In the records below, find each line that holds "Mazda" and return it.

[Web page caption snippets]
######

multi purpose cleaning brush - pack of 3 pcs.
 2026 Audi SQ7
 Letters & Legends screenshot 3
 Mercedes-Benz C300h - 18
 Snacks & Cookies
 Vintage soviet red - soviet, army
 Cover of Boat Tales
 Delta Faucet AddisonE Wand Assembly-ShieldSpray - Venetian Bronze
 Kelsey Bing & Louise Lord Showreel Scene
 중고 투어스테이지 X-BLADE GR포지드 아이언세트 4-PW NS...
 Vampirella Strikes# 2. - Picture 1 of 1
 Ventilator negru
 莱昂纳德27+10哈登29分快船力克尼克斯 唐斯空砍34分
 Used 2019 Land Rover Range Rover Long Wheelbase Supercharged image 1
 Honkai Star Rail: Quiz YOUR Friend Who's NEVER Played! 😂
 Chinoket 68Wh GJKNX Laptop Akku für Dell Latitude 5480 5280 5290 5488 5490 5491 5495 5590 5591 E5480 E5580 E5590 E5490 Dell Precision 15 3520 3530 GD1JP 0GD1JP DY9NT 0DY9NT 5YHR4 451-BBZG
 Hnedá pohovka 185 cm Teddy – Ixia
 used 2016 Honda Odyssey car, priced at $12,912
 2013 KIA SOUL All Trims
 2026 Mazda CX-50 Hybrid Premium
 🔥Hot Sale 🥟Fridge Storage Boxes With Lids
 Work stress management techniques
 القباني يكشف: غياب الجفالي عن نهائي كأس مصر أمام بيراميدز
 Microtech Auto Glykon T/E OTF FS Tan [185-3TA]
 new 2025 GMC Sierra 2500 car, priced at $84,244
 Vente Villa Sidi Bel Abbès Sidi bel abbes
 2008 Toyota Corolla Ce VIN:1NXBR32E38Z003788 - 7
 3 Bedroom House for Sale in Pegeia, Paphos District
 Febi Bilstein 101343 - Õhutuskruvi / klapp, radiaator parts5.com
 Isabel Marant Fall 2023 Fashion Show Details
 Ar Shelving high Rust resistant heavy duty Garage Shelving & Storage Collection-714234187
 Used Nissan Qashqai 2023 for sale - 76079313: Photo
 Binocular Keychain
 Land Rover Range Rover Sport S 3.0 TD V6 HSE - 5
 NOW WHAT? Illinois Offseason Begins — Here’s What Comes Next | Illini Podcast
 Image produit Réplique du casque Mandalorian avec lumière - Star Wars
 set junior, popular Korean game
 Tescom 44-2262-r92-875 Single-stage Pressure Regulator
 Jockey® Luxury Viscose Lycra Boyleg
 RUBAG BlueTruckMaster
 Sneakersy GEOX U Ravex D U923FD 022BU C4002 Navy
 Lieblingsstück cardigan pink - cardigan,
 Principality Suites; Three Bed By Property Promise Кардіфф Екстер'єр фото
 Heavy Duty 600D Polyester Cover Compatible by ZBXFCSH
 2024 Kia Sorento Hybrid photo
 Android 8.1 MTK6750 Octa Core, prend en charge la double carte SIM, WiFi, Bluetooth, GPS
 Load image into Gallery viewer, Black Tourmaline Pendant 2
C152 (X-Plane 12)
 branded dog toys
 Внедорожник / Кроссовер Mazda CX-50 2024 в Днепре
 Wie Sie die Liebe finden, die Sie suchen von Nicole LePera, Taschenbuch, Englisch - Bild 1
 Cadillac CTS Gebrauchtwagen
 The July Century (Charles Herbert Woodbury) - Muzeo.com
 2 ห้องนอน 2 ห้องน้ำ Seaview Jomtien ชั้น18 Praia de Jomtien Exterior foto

######

▶ [EXERCISE SOLUTION]
 2026 Mazda CX-50 Hybrid Premium
 Внедорожник / Кроссовер Mazda CX-50 2024 в Днепре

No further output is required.